• **DATA FOR PROCESSING**
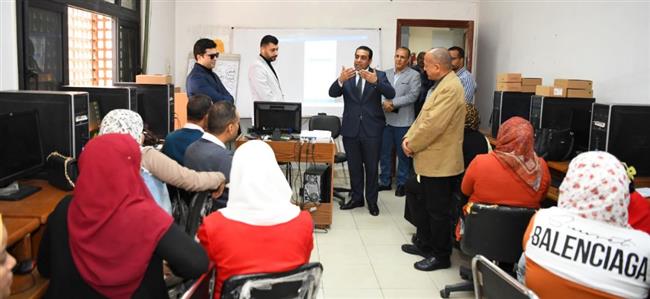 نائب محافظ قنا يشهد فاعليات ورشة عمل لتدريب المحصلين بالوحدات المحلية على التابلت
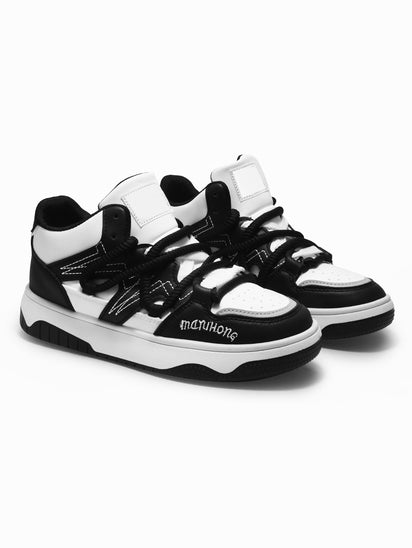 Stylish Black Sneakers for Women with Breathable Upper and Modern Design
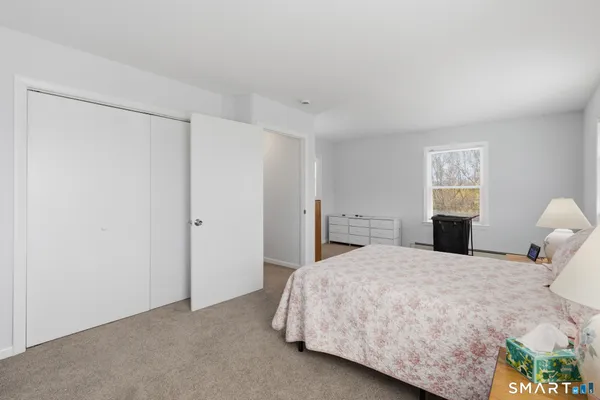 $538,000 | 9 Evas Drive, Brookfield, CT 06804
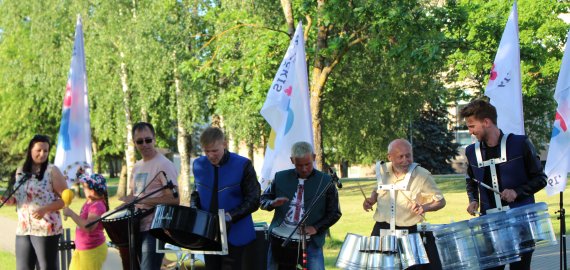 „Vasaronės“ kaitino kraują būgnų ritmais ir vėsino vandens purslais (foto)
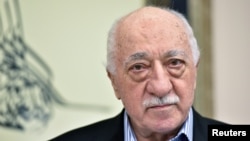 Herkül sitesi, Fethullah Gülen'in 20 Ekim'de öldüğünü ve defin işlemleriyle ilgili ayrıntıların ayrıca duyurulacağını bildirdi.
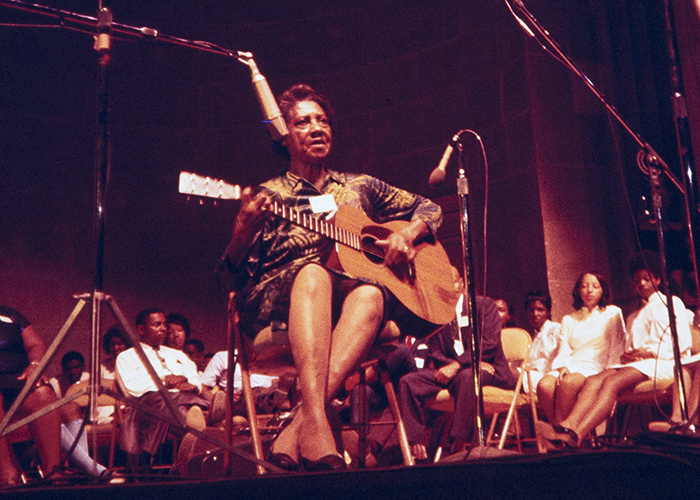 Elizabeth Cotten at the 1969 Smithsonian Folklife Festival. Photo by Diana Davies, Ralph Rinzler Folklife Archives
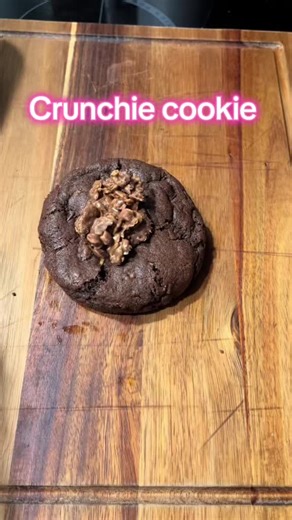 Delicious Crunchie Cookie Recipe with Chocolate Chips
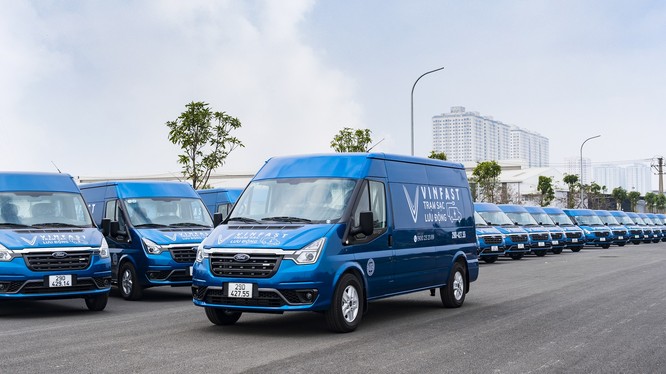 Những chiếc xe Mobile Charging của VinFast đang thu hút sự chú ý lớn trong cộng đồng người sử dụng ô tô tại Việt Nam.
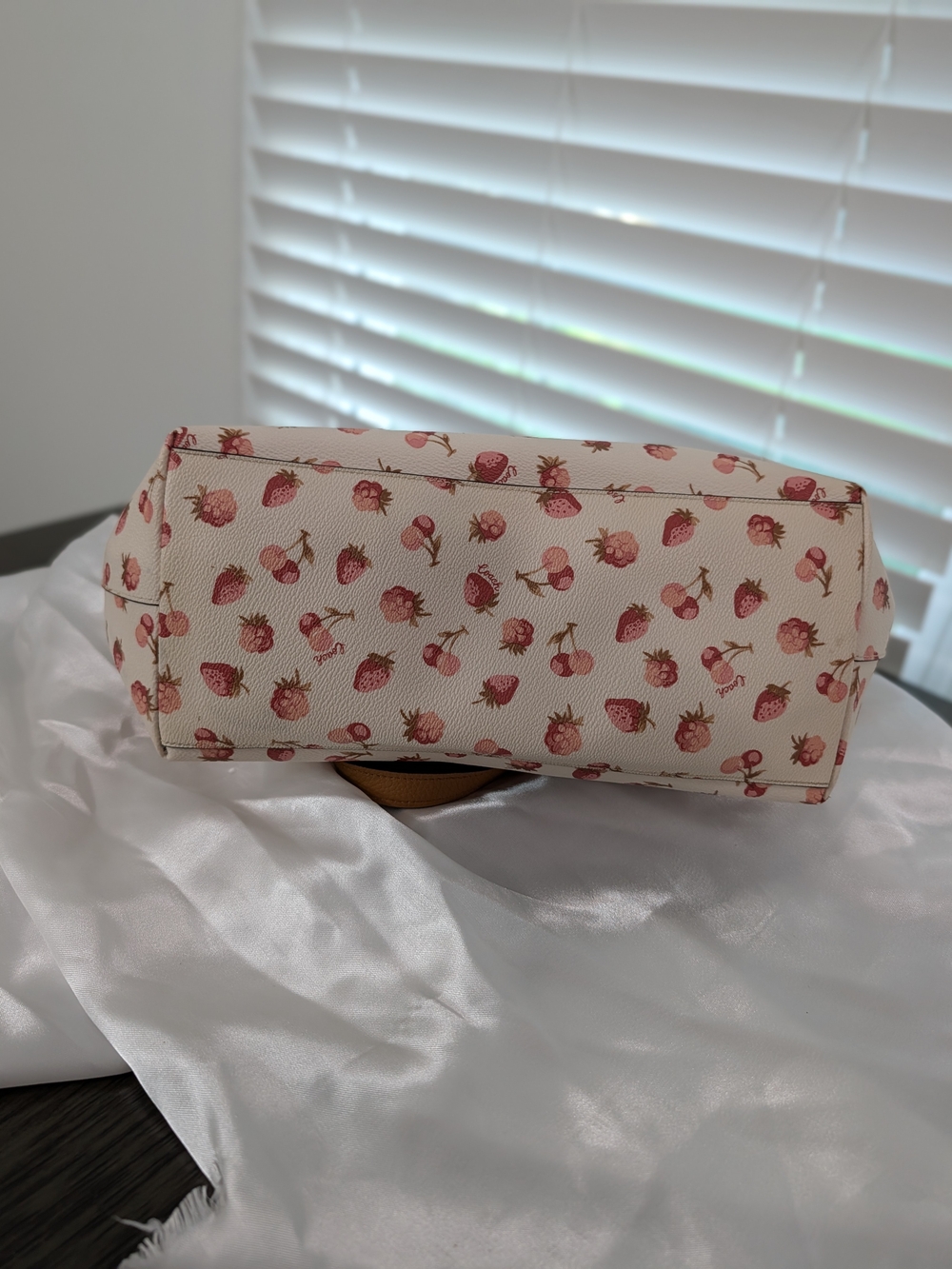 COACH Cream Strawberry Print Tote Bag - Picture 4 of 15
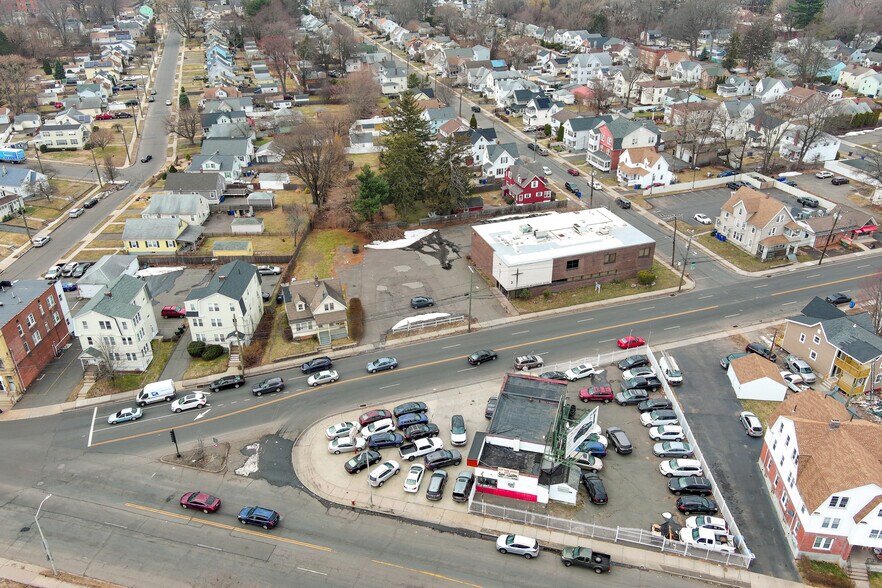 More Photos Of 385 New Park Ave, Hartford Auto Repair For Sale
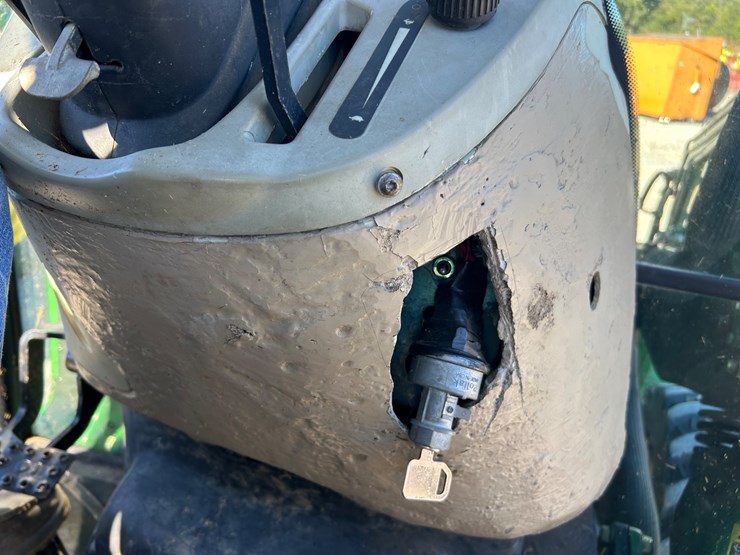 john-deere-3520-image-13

• **ACTION ITEM**
Take the line with "Elizabeth Cotten at" as the first line and the last line of the records above as the final one; reproduce exactly the lines between them, both included, without pictures.

• **EXPECTED OUTPUT**
 Elizabeth Cotten at the 1969 Smithsonian Folklife Festival. Photo by Diana Davies, Ralph Rinzler Folklife Archives
 Delicious Crunchie Cookie Recipe with Chocolate Chips
 Những chiếc xe Mobile Charging của VinFast đang thu hút sự chú ý lớn trong cộng đồng người sử dụng ô tô tại Việt Nam.
 COACH Cream Strawberry Print Tote Bag - Picture 4 of 15
 More Photos Of 385 New Park Ave, Hartford Auto Repair For Sale
 john-deere-3520-image-13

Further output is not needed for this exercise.